**Task:**
Down to the last line below, write out every line exactly, starting with the one that contains "Vintage Ceramic Happy" and leaving out the pictures.

Dataset records
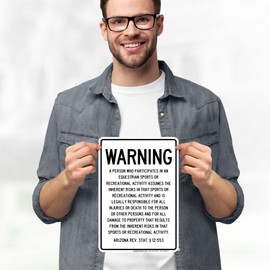 Warning A Person Who Participates In An Equestrian Sports Assumes The Risk Arizona Rev Sign, 10X7 Inches, 4 Mil Vinyl Decal Stickers Weather Resistant, Made In Usa By My Sign Center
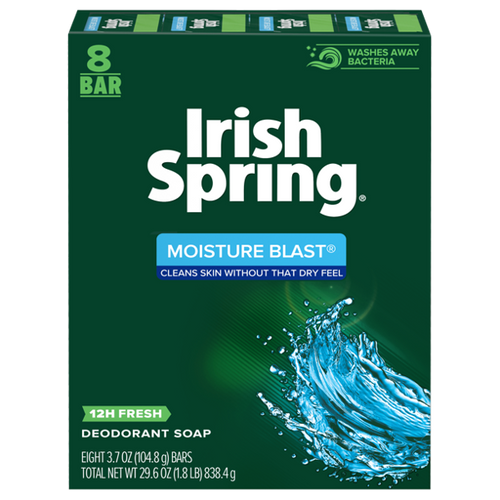 Irish Spring Moisture Blast 8  x 106,3 g - Mydło w kostce 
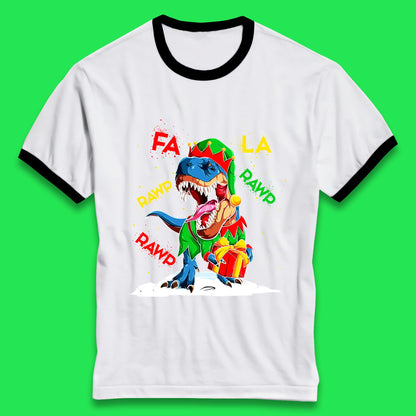 Fa La Rawr Rawr Christmas Dinosaur Wearing Elf Costume & Holding Gifts Xmas T-Rex Ringer T Shirt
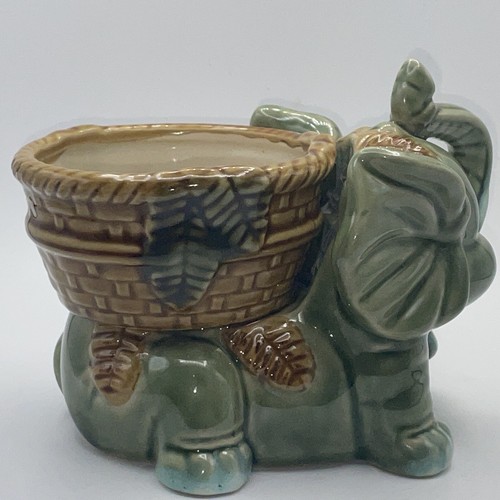 Vintage Ceramic Happy Elephant Planter Trunk Up Green Pottery Brown Green Glaze - Picture 4 of 11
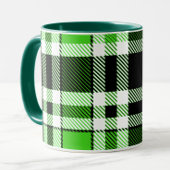 Green Black White Flannel Tartan Pattern Design Tasse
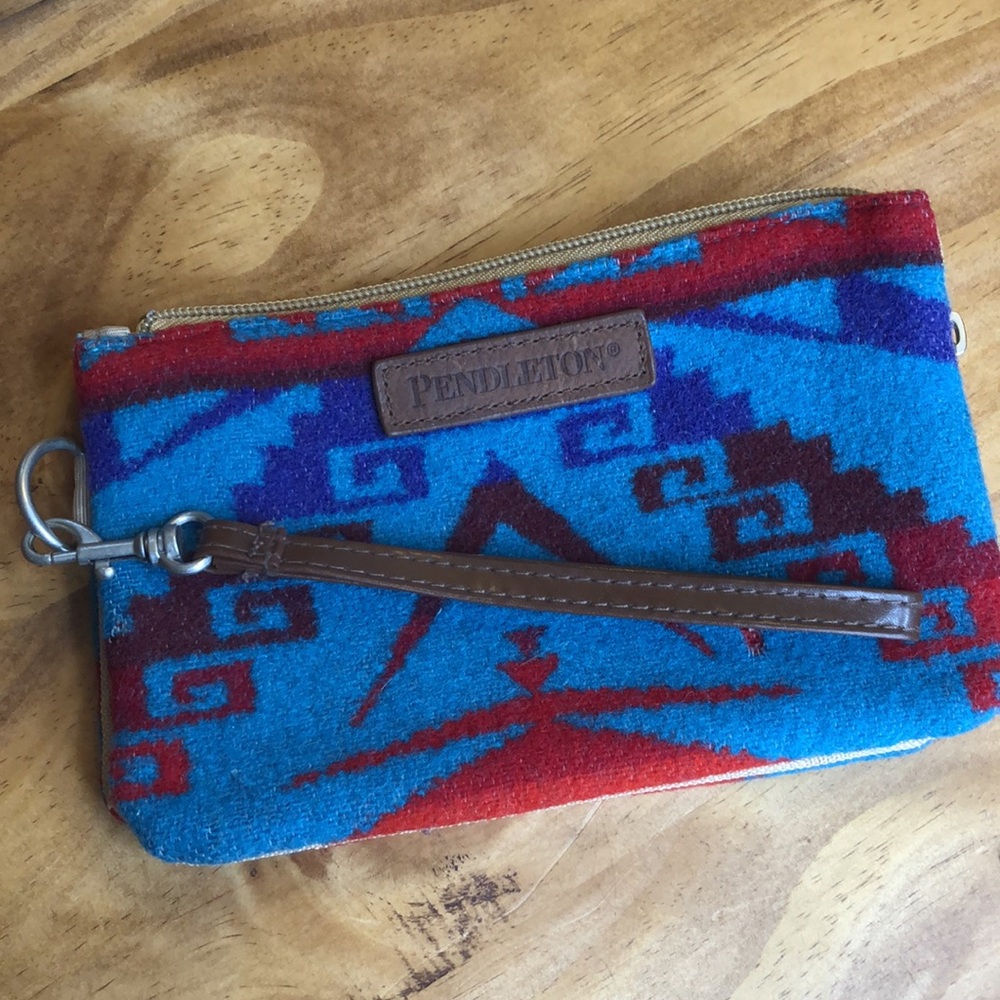 Pendleton Blue And Red Patterned Clutch - image 8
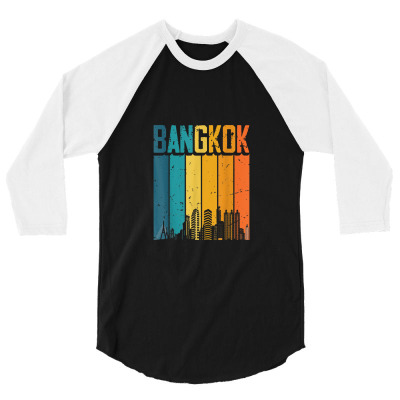 Bangkok Thailand Retro Vintage Sunset Skyline Bangkok 3/4 Sleeve Shirt Designed By Iucantika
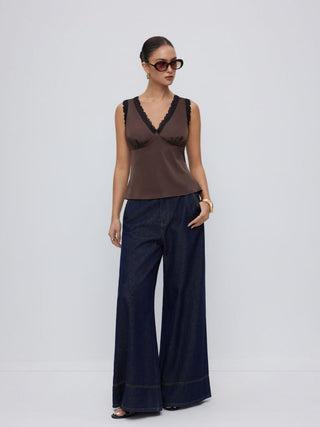 Satin V-neck Lace Trim Ruched Tank Top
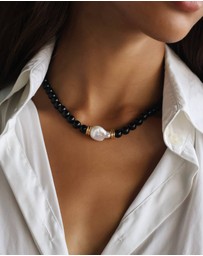 HOUSE OF SLANI - Black Silver Onira Onyx Bead Necklace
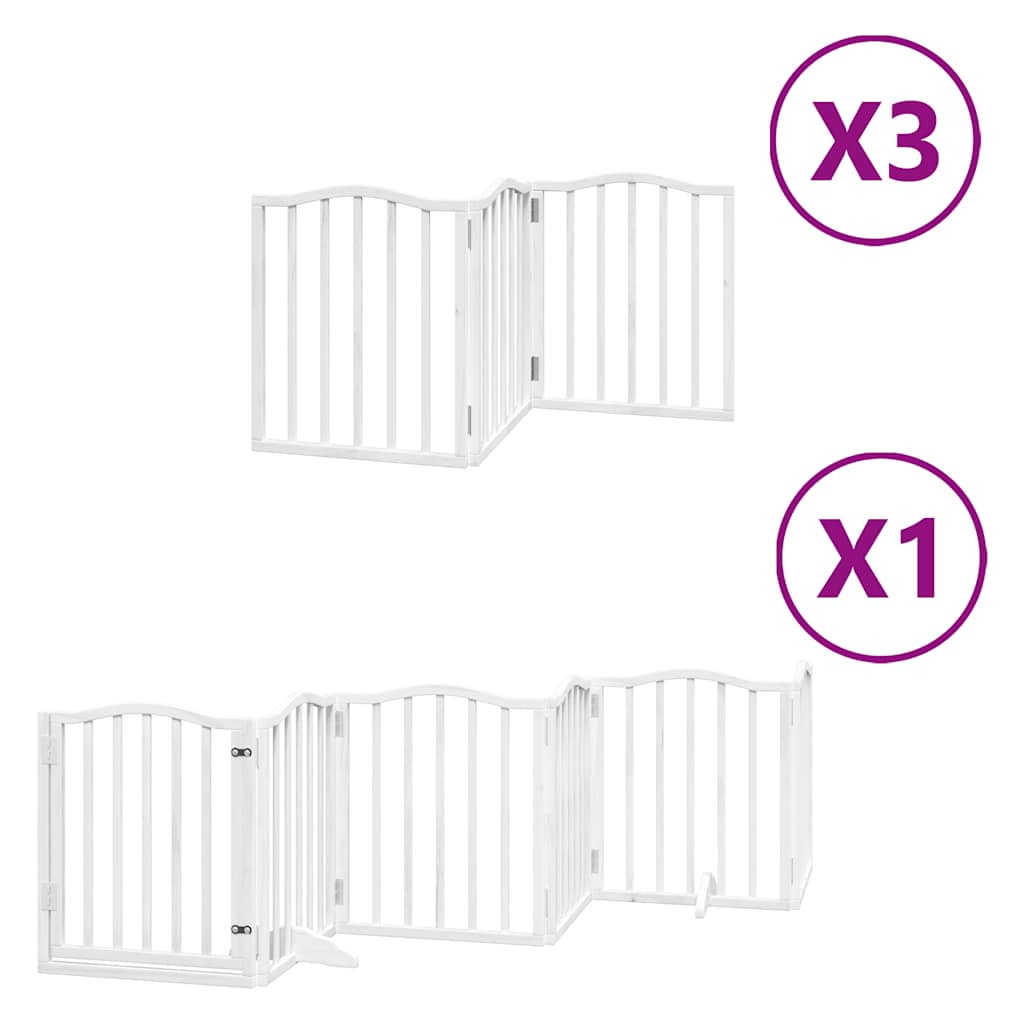 Cancello Cani Porta Pieghevole Bianco 15 Pannelli 750 cm Pioppo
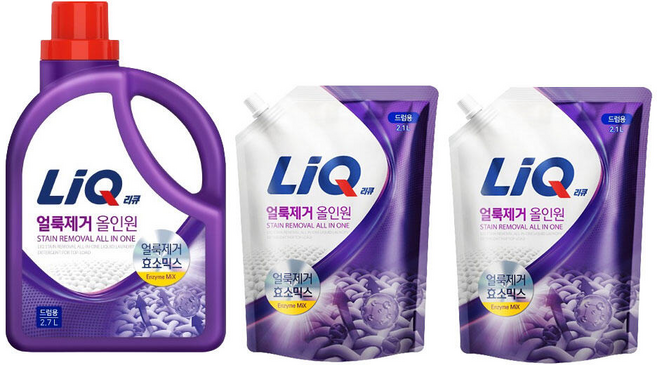 리큐 얼룩제거 올인원 드럼 용기, 1개, 2.7L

**Written answer:**
 Vintage Ceramic Happy Elephant Planter Trunk Up Green Pottery Brown Green Glaze - Picture 4 of 11
 Green Black White Flannel Tartan Pattern Design Tasse
 Pendleton Blue And Red Patterned Clutch - image 8
 Bangkok Thailand Retro Vintage Sunset Skyline Bangkok 3/4 Sleeve Shirt Designed By Iucantika
 Satin V-neck Lace Trim Ruched Tank Top
 HOUSE OF SLANI - Black Silver Onira Onyx Bead Necklace
 Cancello Cani Porta Pieghevole Bianco 15 Pannelli 750 cm Pioppo
 리큐 얼룩제거 올인원 드럼 용기, 1개, 2.7L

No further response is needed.